GIAE is designed to be used both as a CLI tool and a Python library. This page documents the core data models and interpretation engine.


🧬 Core Models

Genome

The top-level container for a genomic sequence and its annotations.

Key Attributes: - id: Unique identifier (UUID-based). - name: Short name for the genome. - sequence: The raw nucleotide sequence (BioPython compatible). - genes: A list of Gene objects.

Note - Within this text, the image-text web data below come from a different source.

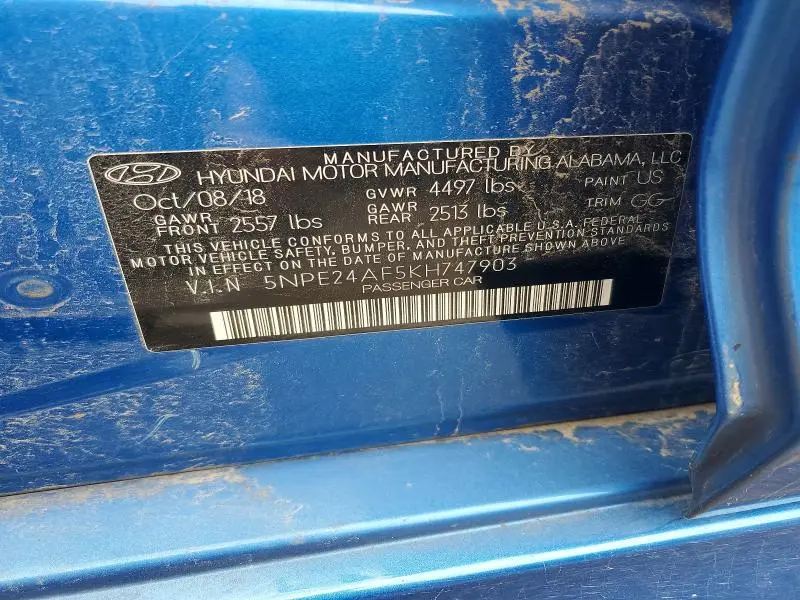 2019 HYUNDAI SONATA SE  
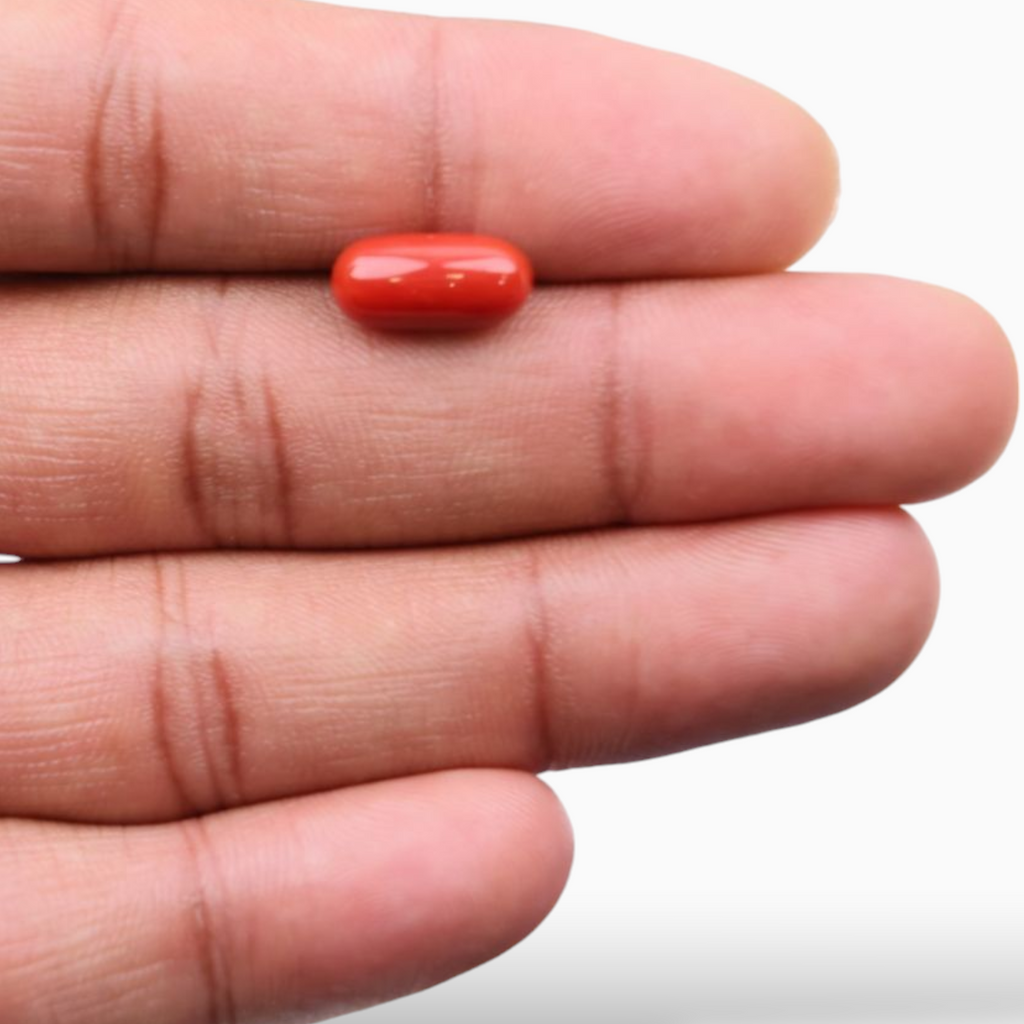 Original Red Coral Mooga Stone 4.38 Carats In Oval Cabochon Shape 13.2x6.4mm Size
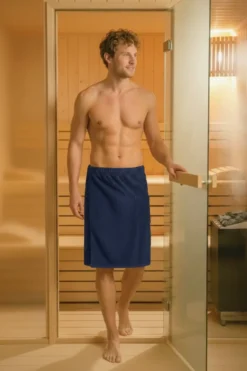 Bawełniany Męski Ręcznik Do Sauny SPA Kilt Granatowy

Key Methods: - add_gene(gene): Add a new gene to the genome. - get_summary(): Returns a dictionary with GC content, gene count, etc.


Gene

Represents a single feature (CDS, tRNA, etc.) with its location and translations.

Key Attributes: - id: Unique identifier. - location: Start/End position and strand. - protein: A Protein object containing the translation. - evidence: A list of Evidence objects extracted during interpretation.


🧠 Interpretation Engine

Interpreter

The primary orchestrator for the GIAE pipeline.

Initialization:

from giae.engine.interpreter import Interpreter
interpreter = Interpreter()

Workflow: 1. ORF Finding: If input is FASTA, identifies potential genes. 2. Evidence Extraction: Scans motifs and runs plugins (HMMER, BLAST). 3. Aggregation: Merges overlapping evidence signals. 4. Hypothesis Generation: Proposes functions based on evidence. 5. Confidence Scoring: Calibrates the final interpretation.


🔌 Plugins

GIAE is extensible via the Plugin interface.

HmmerPlugin

Integrates local HMMER3 searches against Pfam.

BlastLocalPlugin

Integrates local BLAST+ searches against Swiss-Prot or custom databases.

EsmPlugin

Uses the ESM-2 deep learning model for sequence feature extraction (requires PyTorch).